• _WORK ITEM_
Stop after the line that contains "For Honor 70". Until then, retype each line of the entries exactly from the first one, skipping pictures.

━━━━━ DATA IN THIS EXERCISE ━━━━━

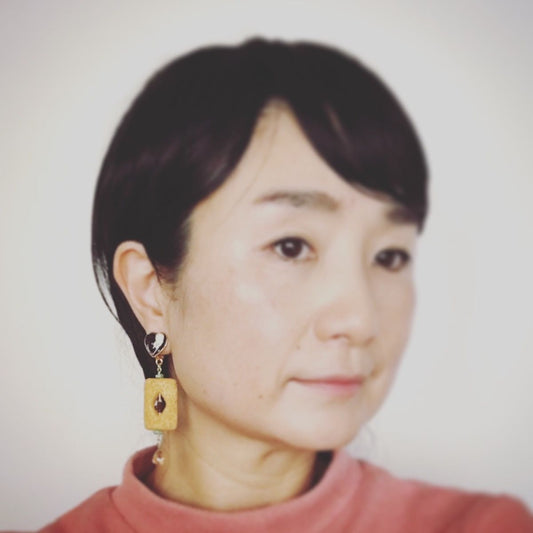 Heart Earrings Lava Citrine Purple TAMARUSAN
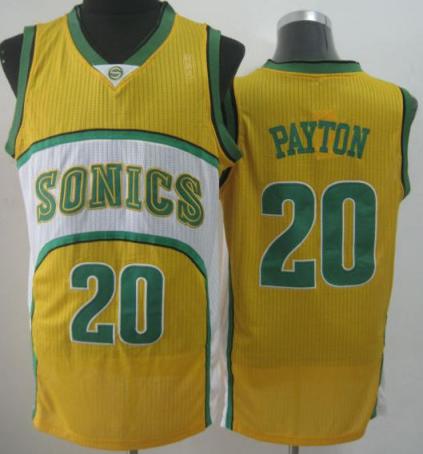 Seattle SuperSonics 20 Gary Payton Yellow Throwback Revolution 30 NBA Basketball Jerseys-2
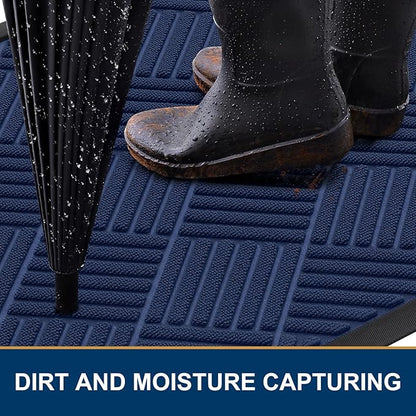 Smiry Front Door Mat Outside Entrance, Heavy Duty Outdoor Indoor Natural Rubber Doormat, Non Slip, Trap Dirt and Moisture, Easy Clean, Low Profile Patio Porch Entryway Mat, 47x23, Navy Blue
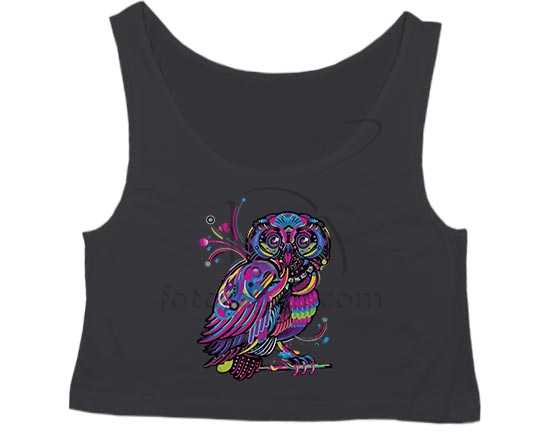 Crop Top con il piccolo gufetto colorato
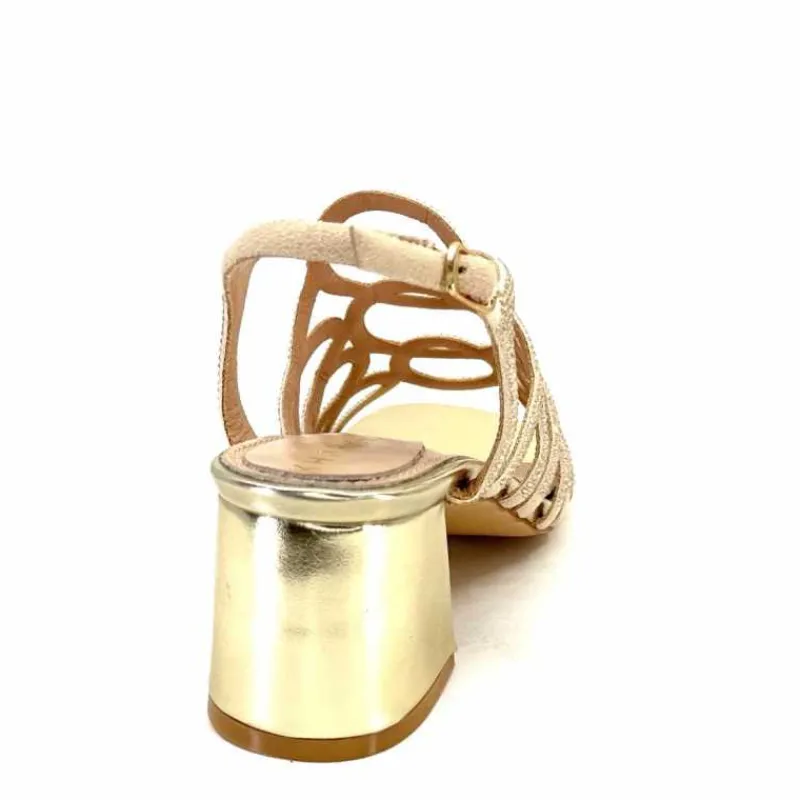 Féminin|Sandales<Ivoire0297a Sandales à Talons Ivoire 7502 Strass Platine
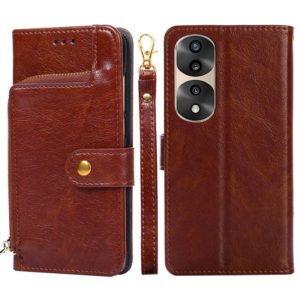 For Honor 70 Pro/70 Pro+ Zipper Bag PU + TPU Horizontal Flip Leather Phone Case(Brown) (OEM)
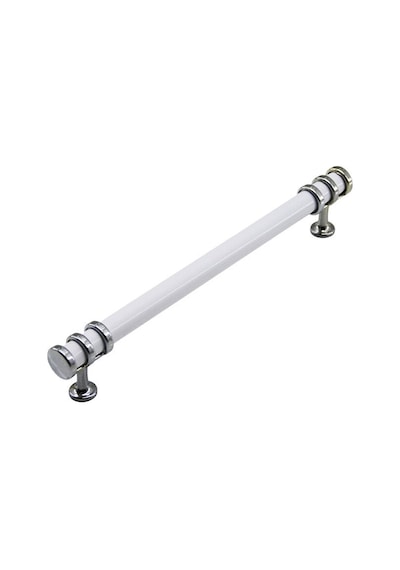 İbico 946 Boru Çekmece Kulp 12.8 Cm - Krom Yüzük Beyaz Kulp- 10'li Paket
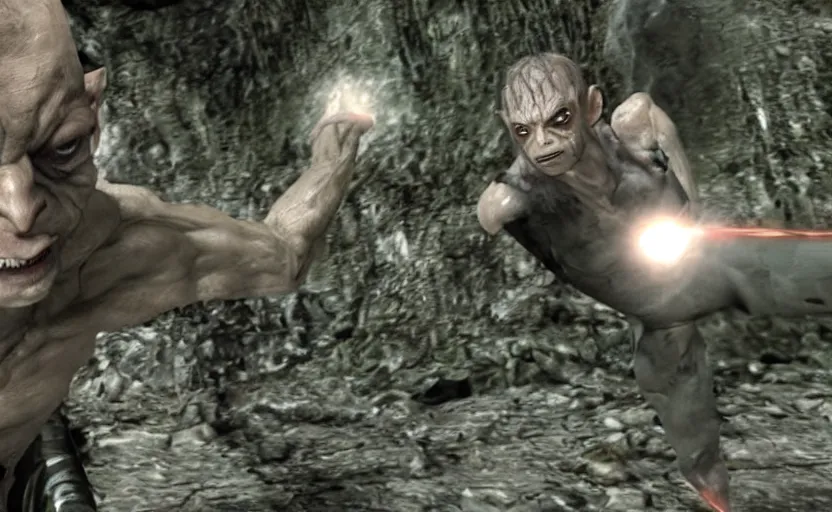 Image similar to a screenshot of gollum as solid snake in metal gear solid 1,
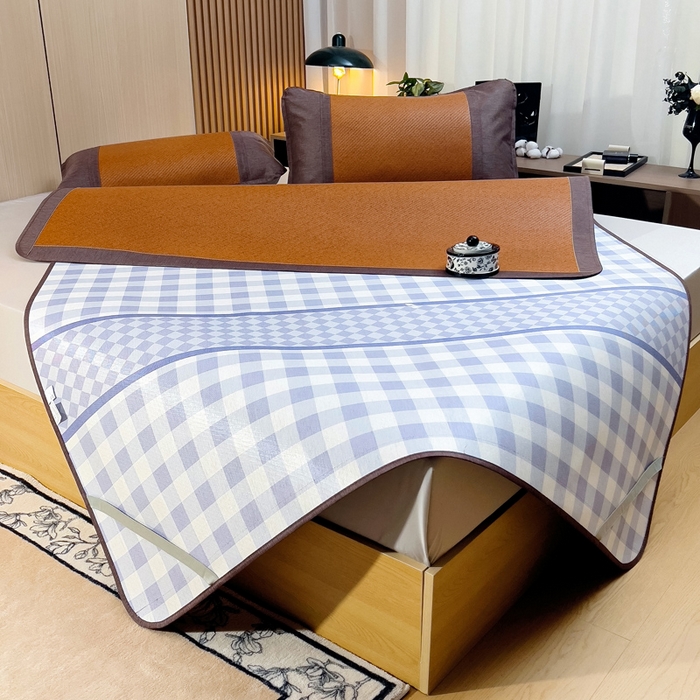 91家纺网 家纺一手货源 找家纺 梵赫 2025新款夏季成人凉感藤席凉席 简约-紫蓝格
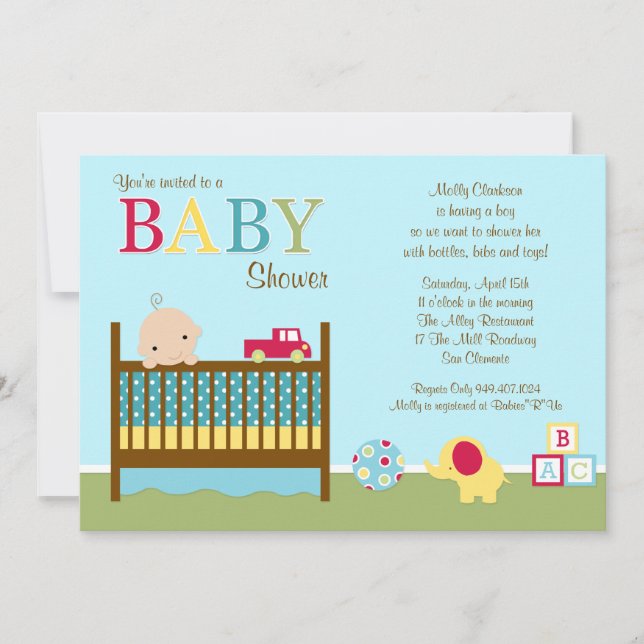 Crib Baby Shower Invitation (Front)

━━━━━

• _FINAL ANSWER_
 Heart Earrings Lava Citrine Purple TAMARUSAN
 Seattle SuperSonics 20 Gary Payton Yellow Throwback Revolution 30 NBA Basketball Jerseys-2
 Smiry Front Door Mat Outside Entrance, Heavy Duty Outdoor Indoor Natural Rubber Doormat, Non Slip, Trap Dirt and Moisture, Easy Clean, Low Profile Patio Porch Entryway Mat, 47x23, Navy Blue
 Crop Top con il piccolo gufetto colorato
 Féminin|Sandales<Ivoire0297a Sandales à Talons Ivoire 7502 Strass Platine
 For Honor 70 Pro/70 Pro+ Zipper Bag PU + TPU Horizontal Flip Leather Phone Case(Brown) (OEM)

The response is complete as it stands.